防災 震災の日の避難訓練の事前学習に紙芝居を活用

奈良県 香芝市立認定こども園鎌田幼稚園

子どもの安心・安全を守る活動

『地震の大切なお話だということがしっかり伝わる紙芝居で、避難行動を真剣にまねして練習することができました。』

報告者
主幹保育教諭 伊藤先生
実施日時
2023年1月17日(火)
参加者
年長児23名、年中児17名、年少児15名 計55名

<目的>

本園では、年間計画に沿って火災・地震・防犯とさまざまな場面を想定しながら、毎月避難訓練を実施しています。毎回、絵本や紙芝居、防災まちがい探しなどを利用していますが、今回はベネッセこども基金の紙芝居を使用してから避難訓練を行いました。訓練では、保育活動中に地震が起きたことを想定して、安全かつ落ち着いて迅速に避難することを目標としました。

<内容>

1月17日、阪神淡路大震災の日に合わせて避難訓練を行いました。年長児には前日に「1月17日ってどんな日かお家で話をしてきてね」と伝え、家庭で話をしてもらい、各家庭で知ったことをまた園で伝え合い、阪神淡路大震災について振り返りました。年少児・年中児も、各クラスで阪神淡路大震災のことを振り返って話をしました。

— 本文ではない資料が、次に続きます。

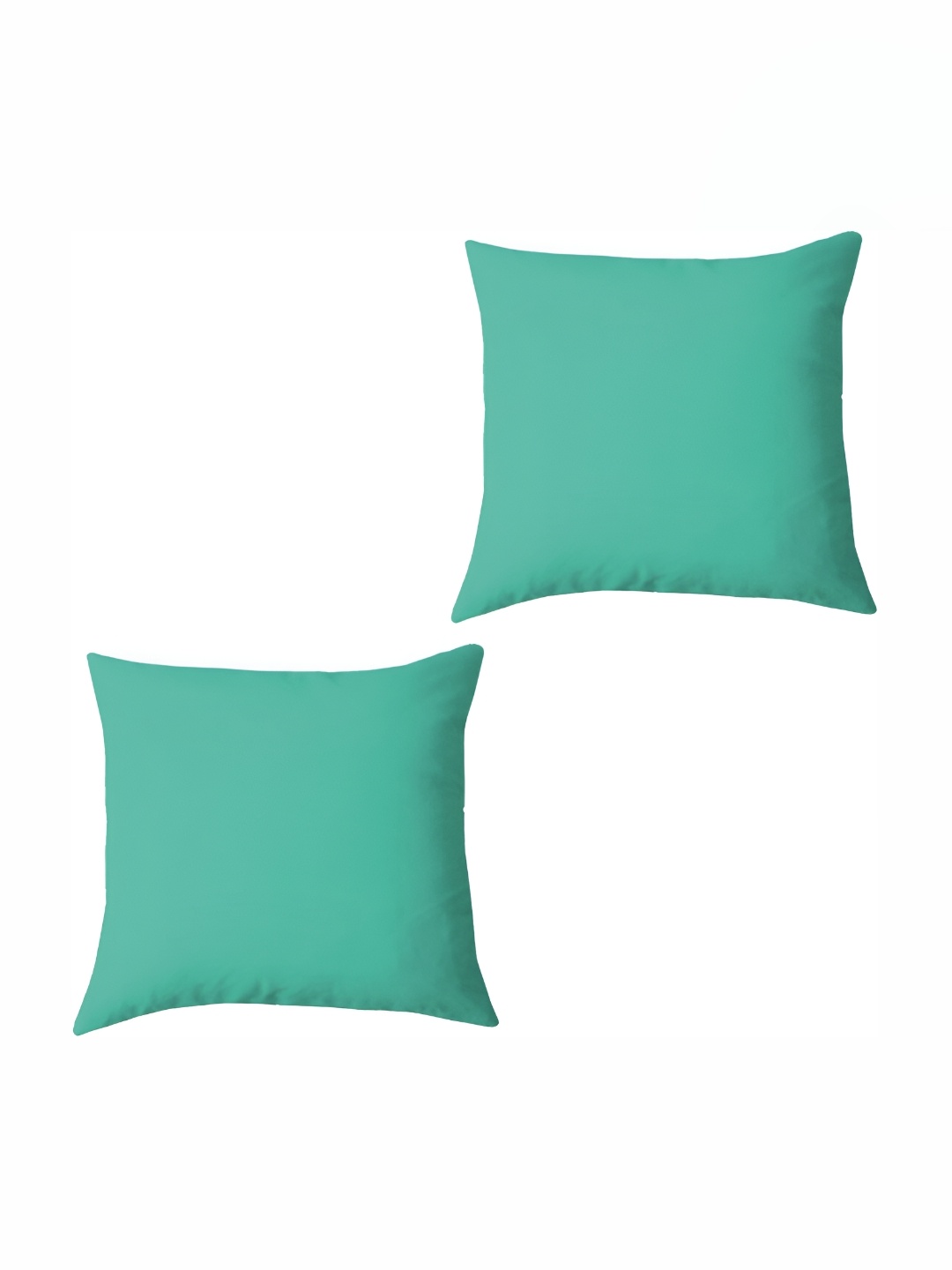 

LINENOVATION Sea Green 2 Pieces Square Microfibre Filled Cushions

その後、避難訓練の事前学習として、いただいた紙芝居を読みました。地震防災訓練のアラームを鳴らして避難訓練を行い、その後、防災リュックの中身を見ながら、被災したときにはどうなるのか、どういった物が必要なのかを考えました。

普段紙芝居を見るときと同じように保育者の前に集まって座り、紙芝居を読みました。

真剣に紙芝居を見ているところ(年中児)

しまじろうが出てきたことで、嬉しそうにとても興味をもって見る様子がありました。また、「地震の大切な紙芝居」ということがしっかりと伝わっていたようで、実際に「あおにんじゃ」の動きをやってみる場面では誰もふざけたりすることなく、真剣に行うことができました。「お母さんが来ない」場面では、さみしい気持ちになる幼児もおり、安心できる温かい声で読むように努めました。

しまじろうと一緒に「あ」のポーズを練習しているところ(年長児)

紙芝居を読んだ後、「なんで頭を隠すのかな?」「なんでお口チャックするの?」「なんで忍者歩きするの?」と問いかけ、「あおにんじゃ」の約束をする意味を子どもたちにしっかりと伝わるように、振り返りを大切にしました。その後行った避難訓練では、子どもたちが「あおにんじゃやで!」と言って自分たちで行動することができていました。

防災頭巾をかぶり、忍者歩きで避難しているところ(年中児)
訓練後、避難グッズがどんなものなのか見ているところ(年少児)

<感想>

教員

  • 子どもたちになじみのある「しまじろう」が出てきて、しかも大好きな忍者が出てくる紙芝居だったので、とても集中して聞くことができました。
  • 紙芝居のストーリーが、家庭や園での具体的な話になっており、どの子も自分のこととしてイメージしやすかったようです。また、「あおにんじゃ」という覚えやすいフレーズで、わかりやすい行動だったので、その後の避難訓練ですぐに実践できました。
  • 紙芝居に「緊急地震速報」のことも書かれており、今現在の実際の状況に即した内容になっていてよかったです。